And-speaking quite soberly and dispassionately-I do not hesitate to say that some of the weapons which are employed against the Church seem to me to come from within those gates. I respect the conscientious, God-fearing Protestants who, under the influence of strong delusion, feel it their duty to oppose the Church. I remember the case of Saul, afterwards called Paul, and how he persecuted the Church of God; and I do not despair of their conversion. I have only sympathy for those who are misled by prejudice and bigoted teachers. Every convert can say, with the man in the Gospel, 'Whereas I was blind now I see; and I am not sure that those who have had the happiness of being born Catholics always make sufficient allowance for the imperfect vision of those without the fold. But what shall be said in defence of those who are not ashamed to write and to publish calumnies, as foul as they are false, against priests and nuns, and the Sacraments of the Church-those 'lewd fellows of the baser sort who under the guise of religion, do not scruple to pander to the lowest and worst of passions by the circulation of filthy fictions of which Maria Monk is by no means the worst-of works which, so far as I know, are to be found in only two places in London-in the shop of a Protestant publisher, and in a street which has for years obtained an evil notoriety for the sale of indecent literature. I am not going to name these books: but if anyone is anxious, for any good purpose, to know to what I refer, I am ready to tell him. Some years since, one of the worst of these was seized and condemned as an indecent publication; since then, the Protestant purveyors of pornographic publications have been more careful to keep within the letter of the law, although it is not long since the editor of Truth-by no means a scrupulous purist- denounced some of their wares as outraging decency. These and the highly spiced lectures 'to men or 'to womenonly-appeal to a certain class of persons; and I call upon all decent men and women, be they Jew, Turk, heretic, or infidel-and above all, upon Mr. Collette, who was at one time intimately connected with a body called the Society for the Suppression of Vice-to dissociate themselves from any part in the wholesale propagation of indecency which is carried on in the name of religion. The cause must indeed be a bad and a hopeless one which can stoop to avail itself of weapons such as these.

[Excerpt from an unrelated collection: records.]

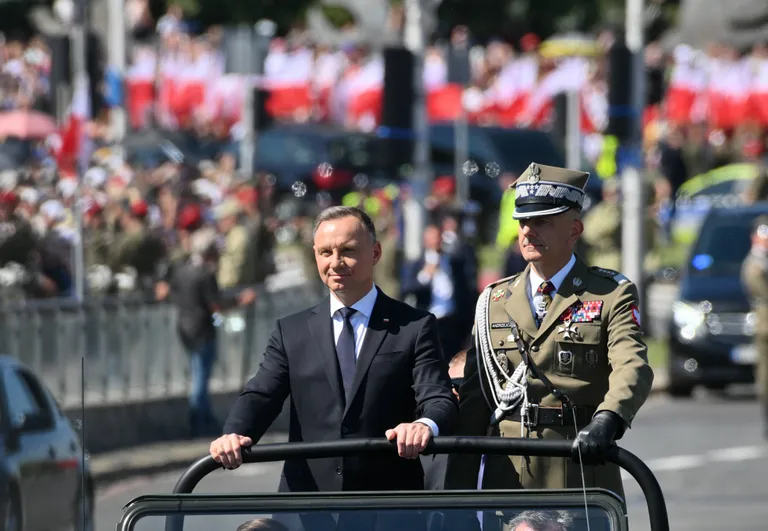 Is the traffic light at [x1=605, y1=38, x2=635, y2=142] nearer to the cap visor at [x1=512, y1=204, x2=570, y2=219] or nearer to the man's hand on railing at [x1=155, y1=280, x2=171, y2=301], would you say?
the man's hand on railing at [x1=155, y1=280, x2=171, y2=301]

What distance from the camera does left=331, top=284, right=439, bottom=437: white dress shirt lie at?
576 centimetres

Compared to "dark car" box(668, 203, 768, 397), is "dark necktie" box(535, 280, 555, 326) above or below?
above

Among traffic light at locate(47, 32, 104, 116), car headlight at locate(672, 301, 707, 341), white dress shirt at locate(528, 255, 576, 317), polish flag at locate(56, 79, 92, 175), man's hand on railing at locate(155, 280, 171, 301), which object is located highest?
traffic light at locate(47, 32, 104, 116)

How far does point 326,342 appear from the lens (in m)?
5.75

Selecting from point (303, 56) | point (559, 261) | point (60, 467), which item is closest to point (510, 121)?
point (303, 56)

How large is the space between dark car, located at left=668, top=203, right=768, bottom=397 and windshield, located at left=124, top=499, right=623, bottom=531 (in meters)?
16.2

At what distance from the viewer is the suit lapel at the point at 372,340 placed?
5.69 m

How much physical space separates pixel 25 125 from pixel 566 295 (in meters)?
24.7

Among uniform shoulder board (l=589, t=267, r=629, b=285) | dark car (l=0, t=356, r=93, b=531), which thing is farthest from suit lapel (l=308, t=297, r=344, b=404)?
dark car (l=0, t=356, r=93, b=531)

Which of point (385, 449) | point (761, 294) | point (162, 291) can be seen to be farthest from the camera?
point (761, 294)

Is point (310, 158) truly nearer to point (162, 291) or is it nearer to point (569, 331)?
point (162, 291)

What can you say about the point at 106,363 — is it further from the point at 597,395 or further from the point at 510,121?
the point at 510,121

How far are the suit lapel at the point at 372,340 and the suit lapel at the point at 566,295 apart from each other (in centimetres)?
45

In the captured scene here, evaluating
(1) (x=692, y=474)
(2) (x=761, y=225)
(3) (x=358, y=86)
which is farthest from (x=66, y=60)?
(3) (x=358, y=86) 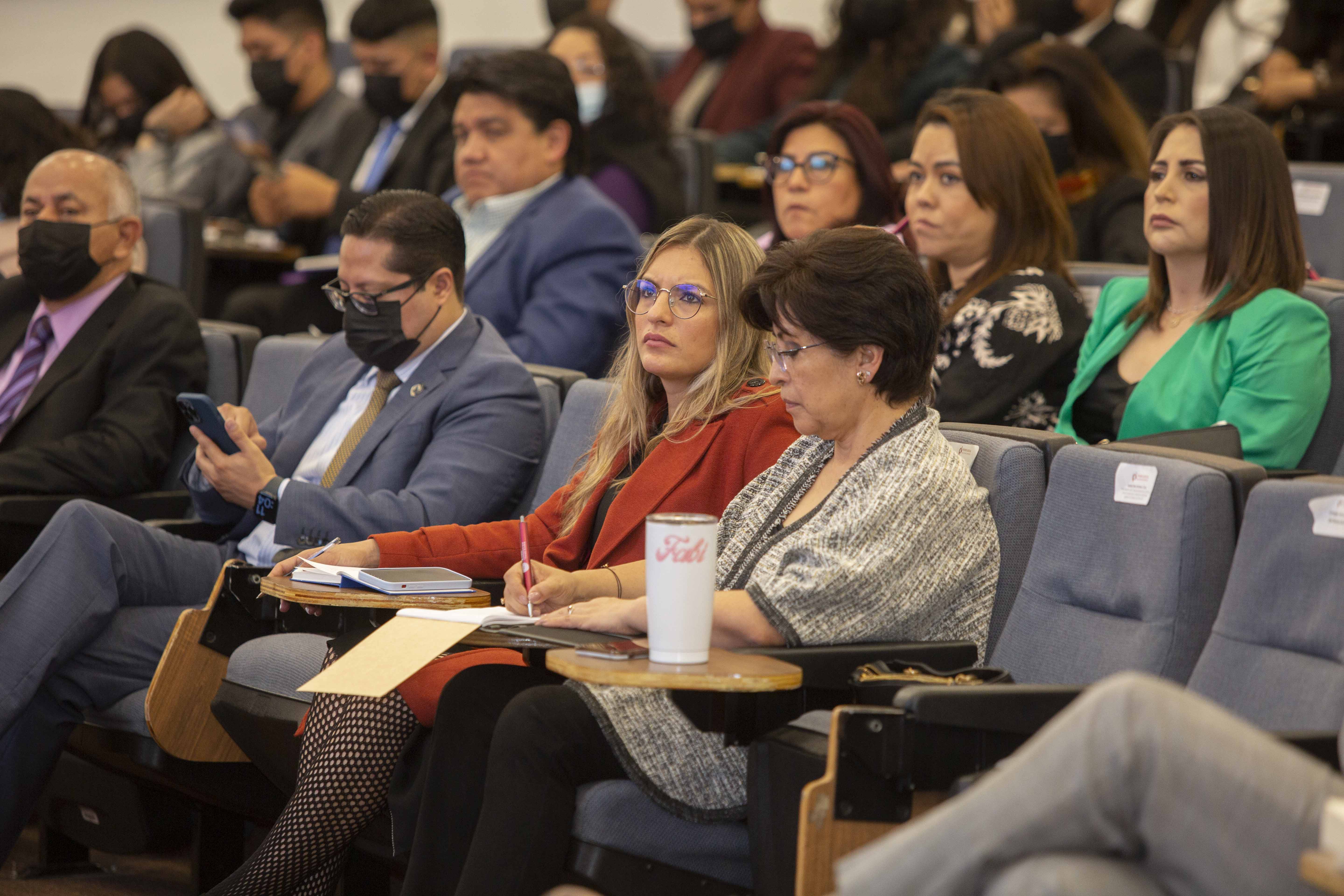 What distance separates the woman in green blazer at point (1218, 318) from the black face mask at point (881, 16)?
107 inches

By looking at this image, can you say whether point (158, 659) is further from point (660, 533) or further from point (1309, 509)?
point (1309, 509)

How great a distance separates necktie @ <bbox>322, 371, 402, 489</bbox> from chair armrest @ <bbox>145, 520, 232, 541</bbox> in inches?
12.6

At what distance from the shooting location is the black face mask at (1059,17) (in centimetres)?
536

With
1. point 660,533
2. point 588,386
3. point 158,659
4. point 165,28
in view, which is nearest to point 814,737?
point 660,533

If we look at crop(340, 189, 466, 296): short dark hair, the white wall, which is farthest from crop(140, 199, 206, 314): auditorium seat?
the white wall

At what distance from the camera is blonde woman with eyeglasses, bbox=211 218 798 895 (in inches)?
86.9

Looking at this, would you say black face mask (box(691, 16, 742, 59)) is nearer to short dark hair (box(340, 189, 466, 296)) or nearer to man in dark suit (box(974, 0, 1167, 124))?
man in dark suit (box(974, 0, 1167, 124))

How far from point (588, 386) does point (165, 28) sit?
737 cm

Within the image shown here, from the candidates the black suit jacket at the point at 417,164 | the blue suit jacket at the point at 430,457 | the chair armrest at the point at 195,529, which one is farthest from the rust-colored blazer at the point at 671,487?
the black suit jacket at the point at 417,164

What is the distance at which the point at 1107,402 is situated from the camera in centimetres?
288

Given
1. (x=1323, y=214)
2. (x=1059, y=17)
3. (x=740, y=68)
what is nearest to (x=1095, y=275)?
(x=1323, y=214)

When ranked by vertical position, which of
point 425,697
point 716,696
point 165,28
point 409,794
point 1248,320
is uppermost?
point 165,28

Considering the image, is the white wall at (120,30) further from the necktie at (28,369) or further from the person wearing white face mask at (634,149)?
the necktie at (28,369)

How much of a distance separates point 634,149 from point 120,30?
5593mm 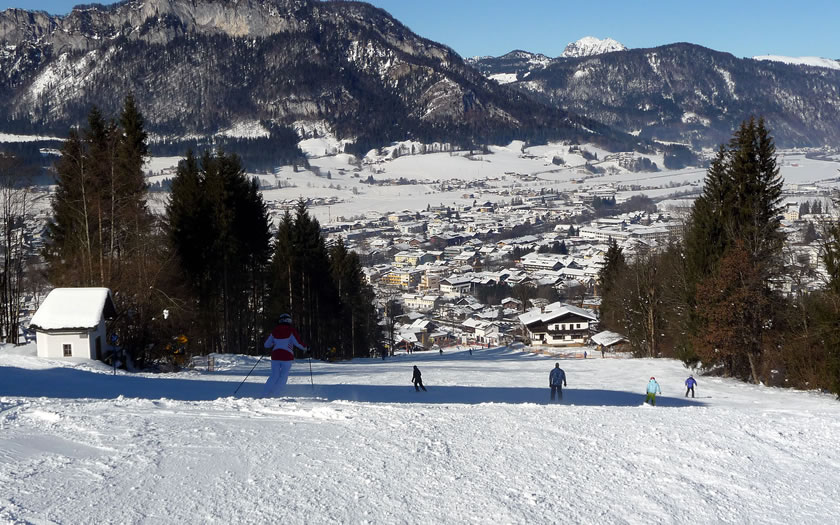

But I will not refer further to a hateful kind of warfare with which very few will sympathize. I will rather briefly apply to two among the many schools of thought in the Establishment the remarks which I have made.

To the Protestant or Low Churchman I would say:

Can you conscientiously remain in a Church the members of which claim to hold all Roman doctrine, save that of submission to the Pope-which permits the teaching not only of Baptismal Regeneration and the Real Presence, but of Confession, the Monastic or Religious Life, the use of Images, Fasting, Prayers and Masses for the Dead, the Invocation of Saints, Prayers to the Blessed Virgin, the power of dispensing from religious obligations; which not only allows these things to be taught, but permits them to be emphasized by every external adjunct? To the High Churchman my question is exactly the converse of this. You believe all or most of the points which I have just enumerated: can you remain in communion with those who deny them? Read, if you have not read it, a pamphlet on the Reformation by one of your own Bishops-Dr. Ryle-one of those whom you regard as successors of the Apostles, with the power of ordaining priests. He tells you how the reformers 'stripped the office of the clergy of any sacerdotal character-how they removed the words 'sacrifice and 'altar from the Prayer-book, and retained the word priest only in the sense of presbyter or elder-how they denied the power of the keys-how they cast out the Sacrifice of the Mass as a blasphemous fable, took down the altars, prohibited images and crucifixes, and 'declared that the sovereign had supreme authority and chief power in this realm in all causes ecclesiastical. What is gained by the wearing of cope and mitre and the teaching of sacramental doctrine by one bishop, if another can at the same time, with equal authority, denounce all these things? and how can a Church with any claim to be considered as teaching with authority tolerate with equanimity both of these extremes?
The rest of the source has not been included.